NOAA Hurricane Forecast Skill: Introduction
Every year at the start of the North Atlantic hurricane season, numerous public and private entities issue seasonal forecasts of the expected level of tropical storm activity. Some, such as the Colorado State group and NOAA’s Climate Prediction Center, have been issuing these forecasts consistently for many years. It’s therefore an interesting exercise to look back and see how good the forecasts are. Do they have any skill? How often are they essentially correct? What shortcomings can be identified?
NOAA Hurricane Outlook: Category Forecasts
A comprehensive evaluation is well beyond the scope of this blog, but a few useful points can be uncovered by looking at the history of NOAA’s forecasts. Specifically, we’ll look at the early August forecasts of the probability of overall storm activity, categorized as “below-normal”, “near-normal”, or “above-normal”. The precise definition of these categories has changed over the years, but the history of the category definitions is available from the Climate Prediction Center along with the forecasts for the past 20 years.

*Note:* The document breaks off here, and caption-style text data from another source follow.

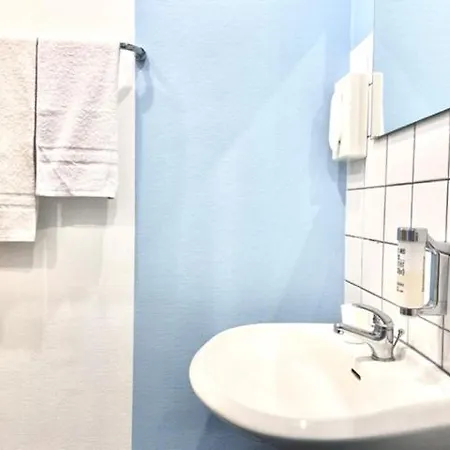 Lindenbusch Πανσιόν 3*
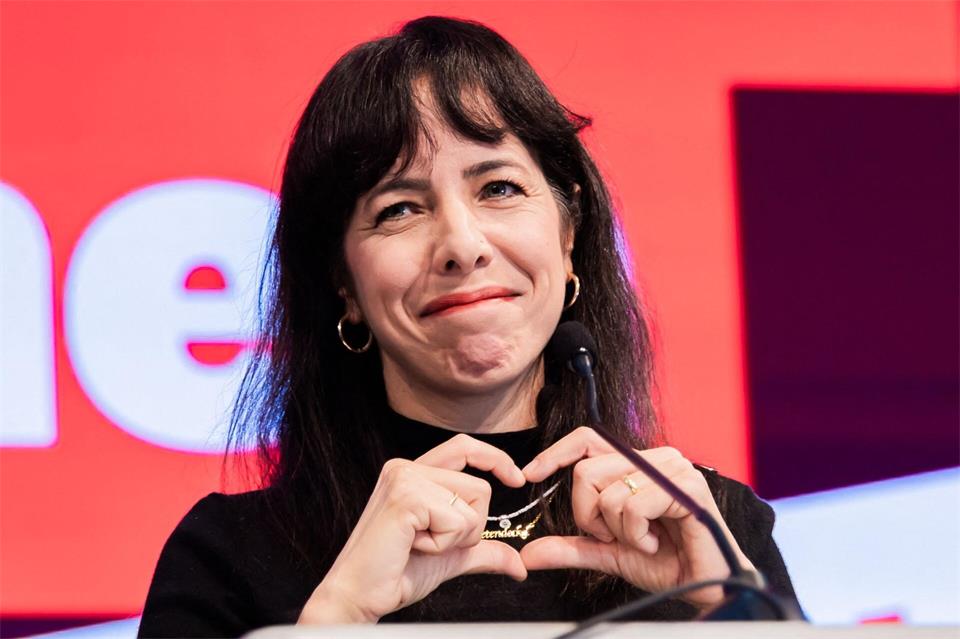 Die Berliner Linke-Politikerin Elif Eralp will Regierende Bürgermeisterin werden. Christoph Soeder/dpa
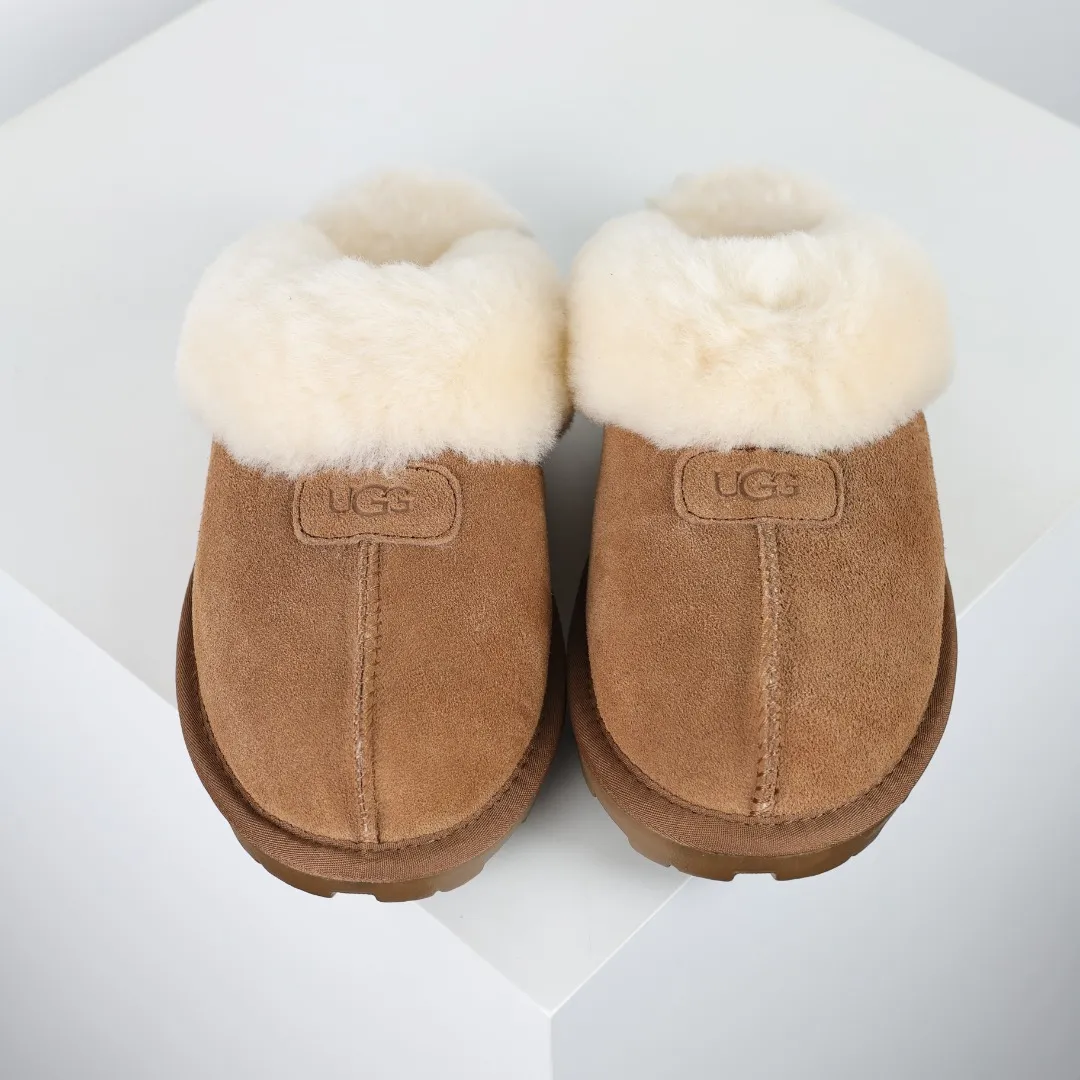 Pick up locally 💰480 The core recommendation is good price UGG Coquette lazy slippers series maroon Xiaohongshu hot model Henan Longfeng leather production Sheep fur integrated top quality in the market 2-3 cm cashmere insole to keep warm in winter and suitable for home use UUG has launched a style series in the new year, which is partially geared towards the preferences of young consumers and has also moved to the forefront of fashion trends. Shoe body material Water-repellent coated suede upper 17mm UGGPURE™ implanted wool insole Lightweight non-slip comfortable rubber outsole With brand LOGO Trademark Comes with full packaging Size: 35 36 37 38 39 40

The following table summarizes the August forecasts and subsequent verification history. Green shading indicates years when the probabilities correctly identified the category that verified, i.e. the most likely category in the forecast ended up being correct. Red shading indicates years with a two-category error (e.g. “below-normal” was most likely, but “above-normal” occurred).
From a straightforward perspective, NOAA’s performance is clearly quite good: the category was correctly predicted 10 out of 20 times, or 50%. If the forecasts and observations were random, we would expect only 33% to be correct. Also, we would expect two-category errors in about 4 years if the performance were random, but in fact only 2 years were badly wrong.
Moreover, if we look at years with the most confident forecasts, indicated by an asterisk next to the year, we see that 6 out of 7 were correct. These are years with a forecast probability of at least 85% in one of the categories, and 86% of these forecasts were correct; this is a very good correspondence between forecast probability and observed frequency.
It’s interesting to observe, however, that the 20-year history was heavily biased towards above-normal storm activity (13 of 20 years), and 9 out of the 10 correct category forecasts verified as above-normal. Among the 7 years when NOAA did not show above-normal as the most likely category, only 1 forecast was correct (2015)! This means that all of the skill is in the above-normal category, and there is zero or negative skill when predicting below-normal or near-normal.
The high level of storm activity over the last 20 years also implies, of course, that naively predicting above-normal every year would have been a successful strategy, with a success rate of 65% – better than the actual forecasts issued by NOAA.
This forecast data set also allows us to illustrate the concept of forecast reliability. This term has a specific technical meaning in the context of probabilistic forecasts: it refers to the correspondence between forecast probabilities and the frequency of the corresponding outcomes. For example, if NOAA indicates a 70% probability of an above-normal hurricane season, that outcome should occur 70% of the time on average. In some years with such forecasts, the season will be near-normal or even below-normal, but if the forecast is reliable, we should be able to count on above-normal happening with a 70% frequency.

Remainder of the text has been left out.